Geoghegan: No. I totally disagree with that. First of all, I was one of the people when they had a review of MLAs’ salaries, who strongly advocated there being a significant increase in MLAs’ salaries, which benefited both opposition and government MLAs, and both opposition and government MLAs got that.

It’s worth remembering that when Dave Barrett way back in the 1970s became Premier, he jacked salaries up significantly because under W.A.C. Bennett they’d…basically Wacky Bennett considered being an MLA a part-time job, which by the 1970s it certainly was not; it was more than a full-time job. Anyway, the point is he jacked his salary up so high, as well as that of MLAs and cabinet ministers, he was at one point being paid more as the Premier of B.C. than the President of the United States was. He was the highest-paid politician in North America.
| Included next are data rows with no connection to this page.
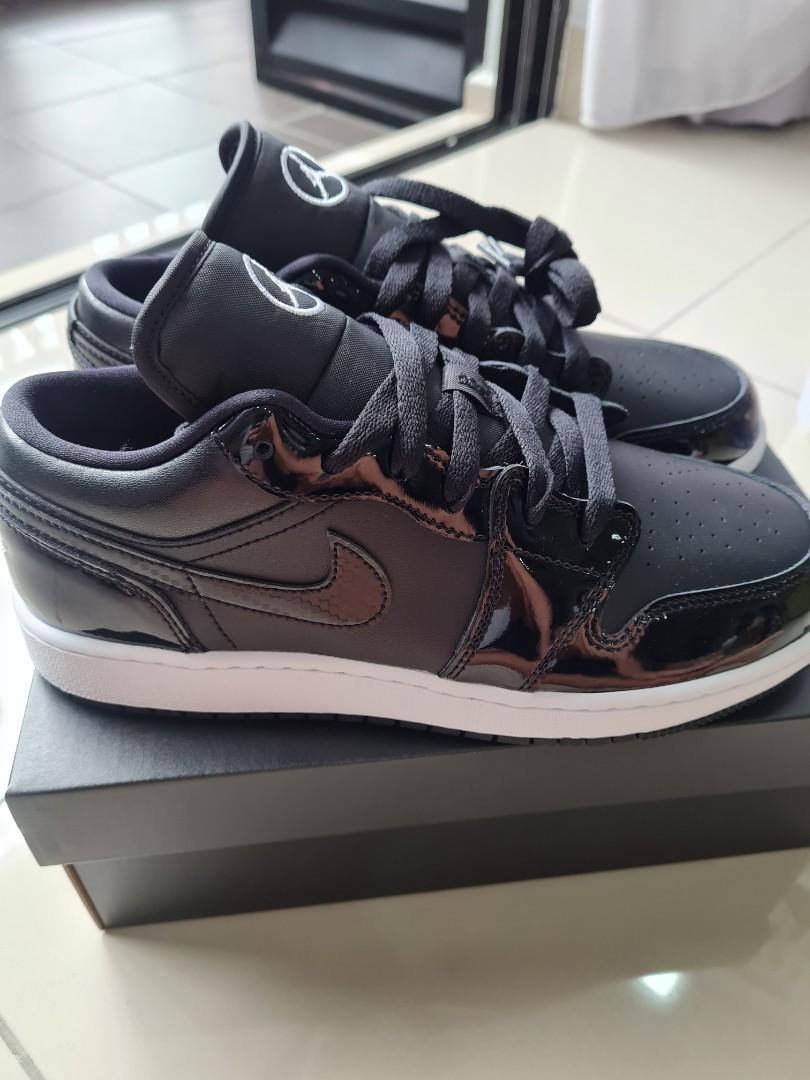 Air Jordan 1 Low Se Asw Men S Fashion Footwear Sneakers On Carousell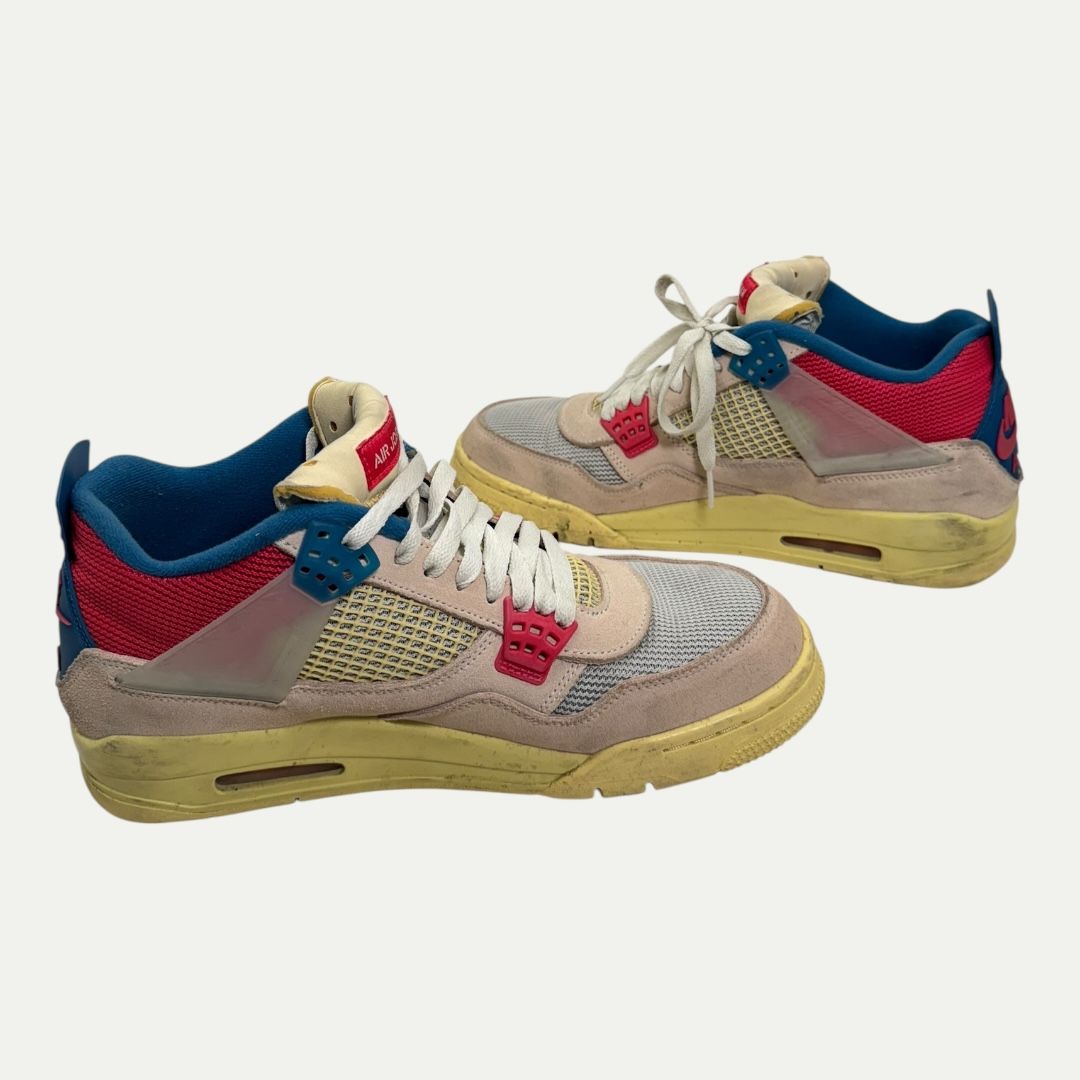 Guava Union x Jordan 4 Sz 10.5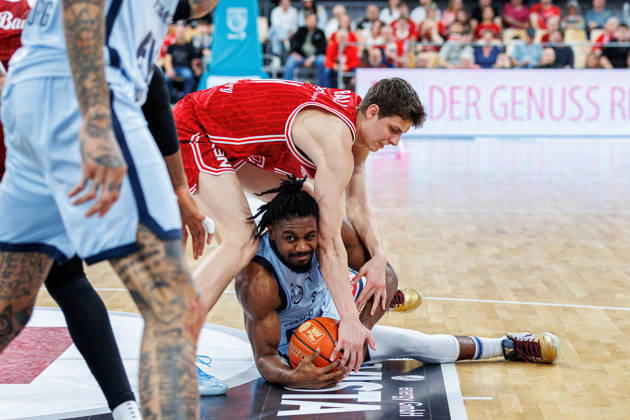 Richard Balint (BMA365 Bamberg Baskets, 11), Christopher Clemons (EWE Baskets Oldenburg, 03), BMA365 Bamberg Baskets vs. EWE Baskets Oldenburg, Basketball, easyCredit BBL, 30. Spieltag, 18.04.2026 BMA365 Bamberg Baskets vs. EWE Baskets Oldenburg, Basketball, easyCredit BBL, 30. Spieltag, 18.04.2026 Bamberg Copyright: xEibner-Pressefoto G.xSantemizx EP_EER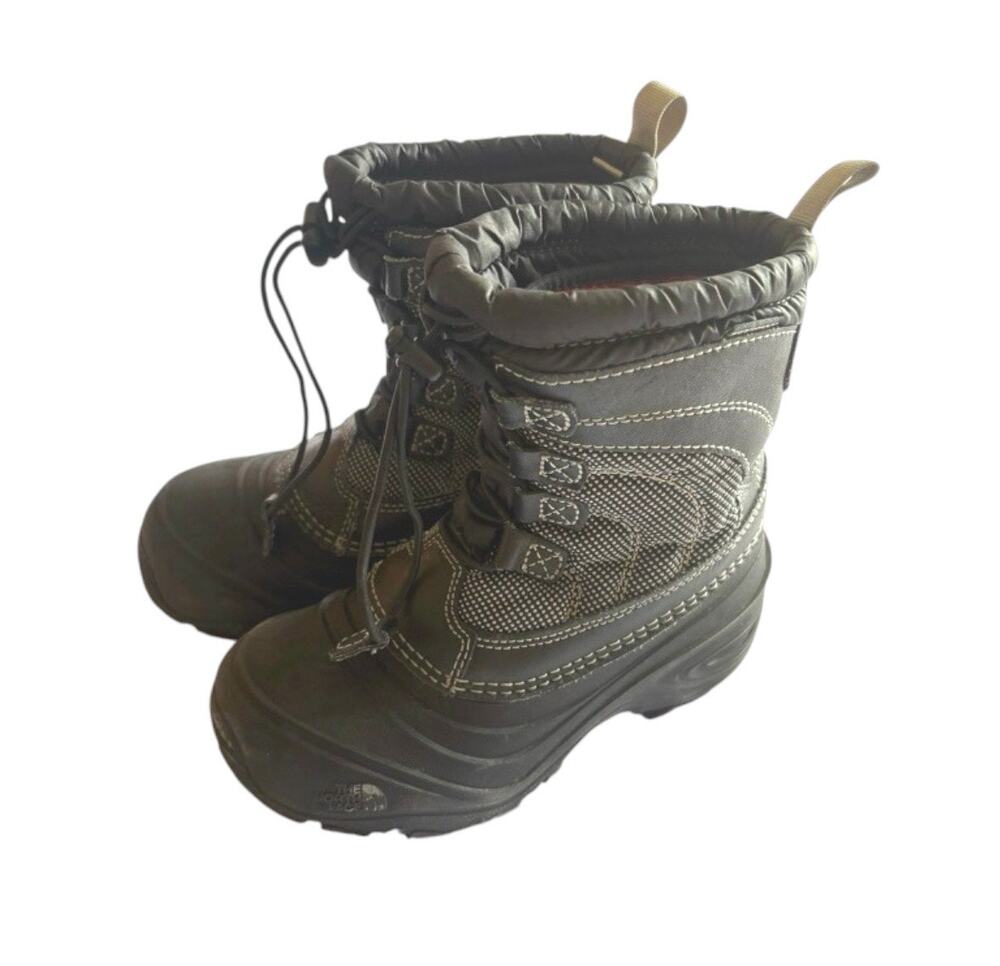 The North Face Kids Alpenglow IV Waterproof Snow Boots Size 13Y Black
Easingwood: Barrett doubled his salary.

Caller Gary: He was also one of the hardest-working. But how many times in a sitting does Campbell leave his little Vancouver fortress? He has grown the Premier’s office in Vancouver from about eight to 35 or 40.

Easingwood: Oh God, yes.

Geoghegan: Well, there’s been a tremendous centralization of power in terms of communication staff and others in the Premier’s office, but that’s a trend that’s been continuing under…that happened under the NDP under Glen Clark….
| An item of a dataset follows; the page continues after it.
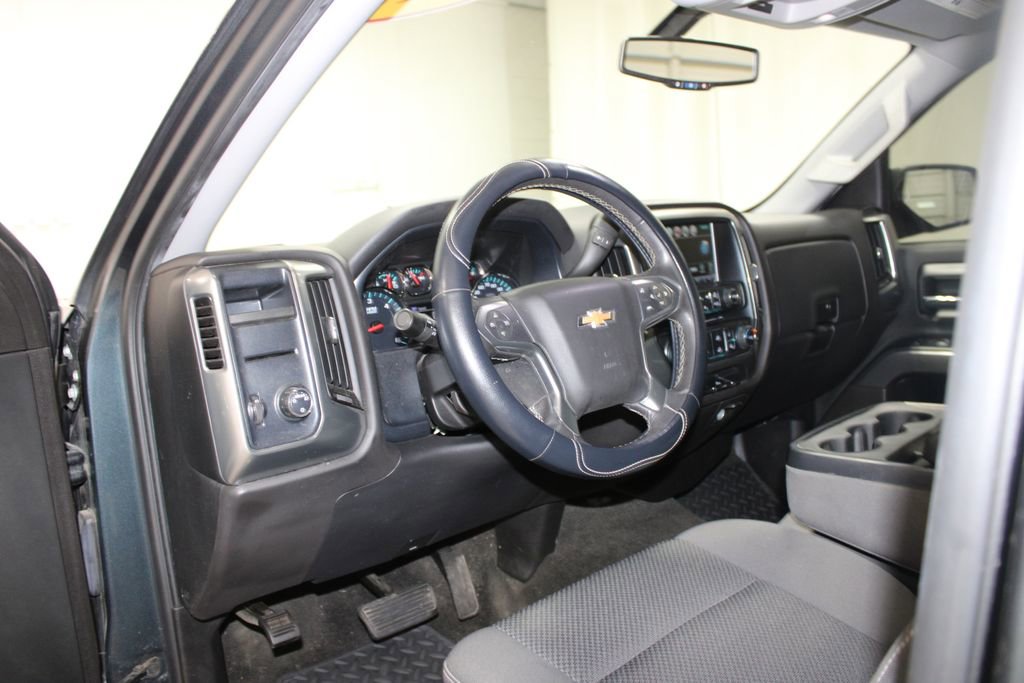 Used 2018 Chevrolet Silverado 1500 LT image 19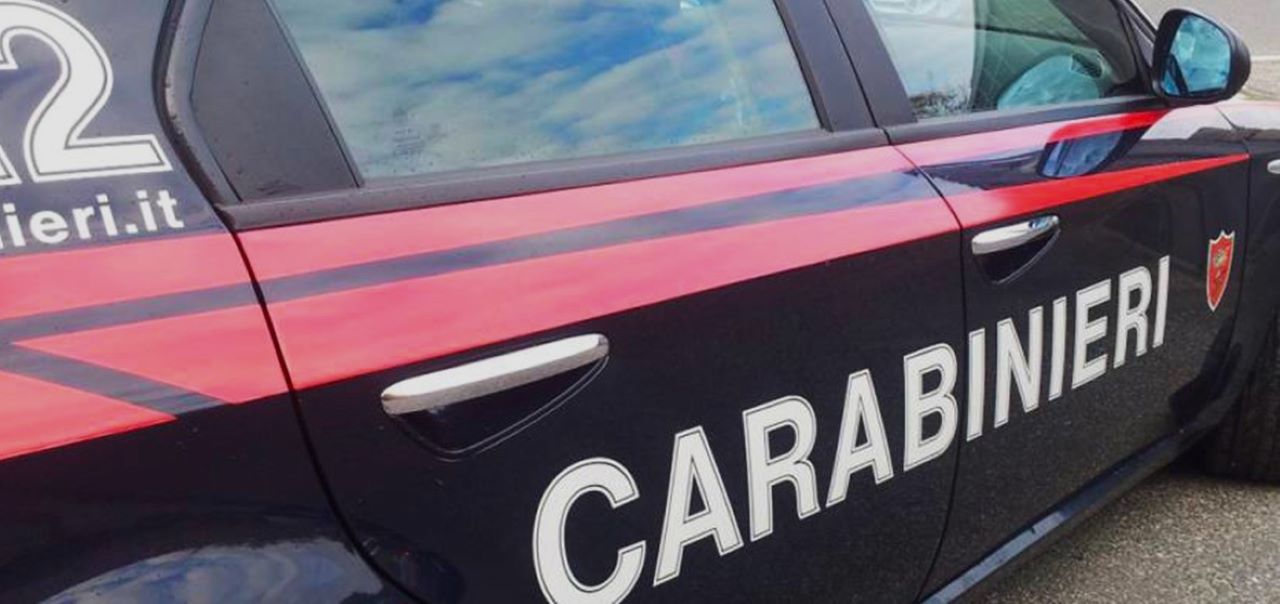 Palermo, 43enne evade dai domiciliari e si consegna ai carabinieri: “Meglio il carcere che tornare a casa”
Easingwood: Under Bill Bennett.

Geoghegan: That’s a trend that continues, the reason being…and it happens with all political parties and it happens in other provinces and it happens in Ottawa, and that is because we nit-pick politicians. So what we are in effect doing as the media, as citizens who nit-pick politicians is we’re driving political power out of the hands of politicians and driving it into the hands of civil servants and driving it into the hands of political staffers, and the only sort of elected official who nominally has the power is the Premier. In fact, his new inner circle whereas years ago it would have been cabinet ministers and MLAs is now political staffers and key bureaucrats.

Easingwood: All his buddies.

Let’s get the final word here from David.

Schreck: I disagree with Mike. But wherever you stand on this pay issue, the point is that Gordon Campbell was trying to score cheap political points on it, and he was making misleading statements doing so. He may say, oh, he said what was accurate and you just didn’t understand. One way or the other Campbell is trying to play games, taking political credit, claiming he is taking a pay cut when it’s peanuts, and he’s laughing all the way to the bank with a 54 percent pay increase he gave himself in 2007.

Easingwood: There we leave it, gentlemen.